_Problem to work on:_
Gather up every line from the entries below that uses the word "Women".

_Data shown:_
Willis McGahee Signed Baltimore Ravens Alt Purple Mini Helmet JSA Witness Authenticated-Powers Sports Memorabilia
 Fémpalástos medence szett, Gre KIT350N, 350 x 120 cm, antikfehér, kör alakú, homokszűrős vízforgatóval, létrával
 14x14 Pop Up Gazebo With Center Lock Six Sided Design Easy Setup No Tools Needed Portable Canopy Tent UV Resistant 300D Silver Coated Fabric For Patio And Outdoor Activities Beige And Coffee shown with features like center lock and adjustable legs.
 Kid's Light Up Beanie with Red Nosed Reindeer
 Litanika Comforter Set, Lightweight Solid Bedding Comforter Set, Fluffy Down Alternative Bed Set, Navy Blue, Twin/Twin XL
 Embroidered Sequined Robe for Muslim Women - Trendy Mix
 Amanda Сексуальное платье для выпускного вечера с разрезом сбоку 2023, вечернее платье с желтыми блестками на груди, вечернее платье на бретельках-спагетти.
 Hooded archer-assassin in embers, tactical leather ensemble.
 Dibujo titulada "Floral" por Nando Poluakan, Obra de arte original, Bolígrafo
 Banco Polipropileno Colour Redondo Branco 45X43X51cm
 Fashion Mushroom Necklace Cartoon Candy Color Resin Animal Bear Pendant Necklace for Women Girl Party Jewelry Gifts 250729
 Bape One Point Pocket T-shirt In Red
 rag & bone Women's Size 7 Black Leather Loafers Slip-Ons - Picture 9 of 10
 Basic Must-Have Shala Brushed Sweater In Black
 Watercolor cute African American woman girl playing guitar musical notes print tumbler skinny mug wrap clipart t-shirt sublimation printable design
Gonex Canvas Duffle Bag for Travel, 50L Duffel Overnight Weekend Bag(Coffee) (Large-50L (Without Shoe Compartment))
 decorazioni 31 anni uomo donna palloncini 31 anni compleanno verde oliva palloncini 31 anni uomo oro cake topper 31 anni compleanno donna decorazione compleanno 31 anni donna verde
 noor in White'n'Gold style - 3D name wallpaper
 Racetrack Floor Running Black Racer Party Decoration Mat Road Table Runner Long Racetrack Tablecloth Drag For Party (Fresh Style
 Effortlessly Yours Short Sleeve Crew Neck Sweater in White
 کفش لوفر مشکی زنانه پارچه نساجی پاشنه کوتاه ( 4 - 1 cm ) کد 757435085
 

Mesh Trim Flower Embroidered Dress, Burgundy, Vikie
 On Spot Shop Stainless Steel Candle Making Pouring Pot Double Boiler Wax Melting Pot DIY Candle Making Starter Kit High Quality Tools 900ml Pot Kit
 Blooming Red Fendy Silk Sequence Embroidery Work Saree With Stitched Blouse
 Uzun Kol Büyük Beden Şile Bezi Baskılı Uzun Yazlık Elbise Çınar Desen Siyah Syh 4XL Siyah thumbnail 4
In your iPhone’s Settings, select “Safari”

_Answer to this exercise:_
 Embroidered Sequined Robe for Muslim Women - Trendy Mix
 Fashion Mushroom Necklace Cartoon Candy Color Resin Animal Bear Pendant Necklace for Women Girl Party Jewelry Gifts 250729
 rag & bone Women's Size 7 Black Leather Loafers Slip-Ons - Picture 9 of 10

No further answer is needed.